Drugs online research references
Chir Forum Exp Klin Forsch. 1977 Apr;:235-9.
[Kidney preservation by mechanical perfusion and by hypothermic storage: a comparative study]
[Article in German]
Grundmann R, Eichmann J, Strumper R, Pichlmaier H.
72 dog kidneys were stored under hypothermia as described by COLLINS and SACKS between 24 and 72 hrs and then transplanted. The immediate function of the kidneys was measured by PAH and inulin clearances. 24 hrs proved to be the maximum safe preservation time with both methods. The immediate function of the kidneys stored under hypothermia could not be improved by the addition of furosemide to the flushing solution. These results were compared with those gained by mechanical perfusion of the organ: kidney function after 72 hrs of hypothermic mechanical perfusion was significantly better than after 24 hrs of hypothermic storage.

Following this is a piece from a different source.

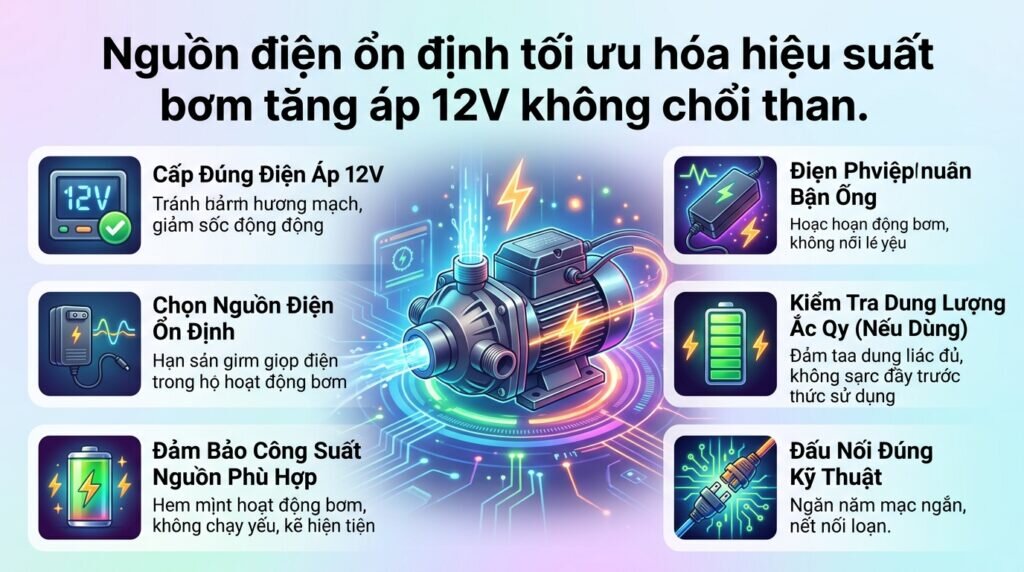 Nguồn điện ổn định tối ưu hóa hiệu suất bơm tăng áp 12V không chổi than.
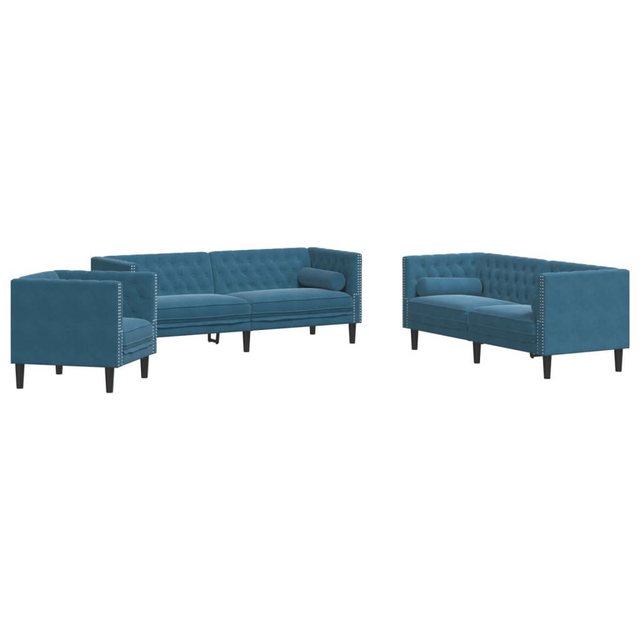 vidaXL Sofa 3-tlg. Chesterfield-Sofa-Set mit Nackenrollen Blau Samt günstig online kaufen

online pharmacy ref source: www.ncbi.nlm.nih.gov/entrez/query.fcgi?cmd=Retrieve&db=PubMed&list_uids=618309&dopt=Abstract
J Pharmacol Exp Ther. 1993 Jul;266(1):33-40.
Effects of angiotensin-converting enzyme inhibition on renal adaptations to acute furosemide administration in conscious rats.
Bak M, Shalmi M, Petersen JS, Poulsen LB, Christensen S.
Department of Pharmacology, University of Copenhagen, Denmark.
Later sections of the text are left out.